Saving for the wedding was a nonissue as parents were kicking in for expenses. Ashley and Kendall financed their honeymoon, choosing a destination within driving distance and covering all expenses with savings and money they'd received as wedding gifts.
Still, with little invested in a honeymoon, the newlyweds were faced with student loan debt after the wedding. Currently, Kendall is working as an attorney and Ashley as a judicial clerk. Kendall's undergraduate degree in economics and finance has definitely come in handy for the duo when plotting how to handle student loans, expenses and saving for the future.
The Burgemeisters have joint checking and savings accounts as well as credit cards. Kendall's in charge of big-picture items like investments, something he's been doing for himself since the age of 18. He also files their income tax returns and manages their IRA accounts. Ashley is in charge of day-to-day expenses. "We don't do a lot of gratuitous spending," she says. "At this point in our lives, we want to save money. I suppose we could have bought a bigger or more expensive house, but we knew we wanted to start our nest egg now."

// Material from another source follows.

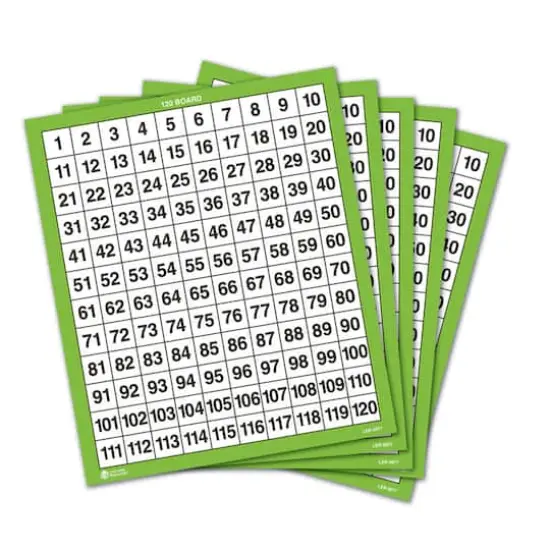 Learning Resources&reg; Laminated 120 Number Boards, 2 Sets {1}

As for how those student loans are being tackled during this savings process, the couple has a plan. "Our goal is to pay them off in the next two years," says Kendall. To do so, they keep a tight rein on their spending, splurging only occasionally on things they enjoy doing together, like mountain biking, golf and attending concerts. They keep daily expenses low by eating at home for almost every meal, dining out only once a month. "Living in a small town, and only a short drive from work, we're able to eat lunch at home," says Ashley. "We make our coffee and tea at home, too, saving on buying expensive coffees on the run." Some of that savings goes into IRA plans to supplement the retirement plans they both have through their jobs.
Once those student loans are paid off, the Burgemeisters have other expenditures on the horizon. "Ashley needs a new mountain bike," says Kendall. "And we want to buy her a truck and get rid of her lemon Volkswagen Jetta." In the meantime, they're not fretting about Ashley's need for new wheels, knowing they'll purchase them when needed. "We haven't done anything formal in terms of setting aside a certain amount of money each month," says Kendall. "Instead, we think about that every time we buy something and realize how much longer we have to wait before we buy the bike or truck if we make a different purchase."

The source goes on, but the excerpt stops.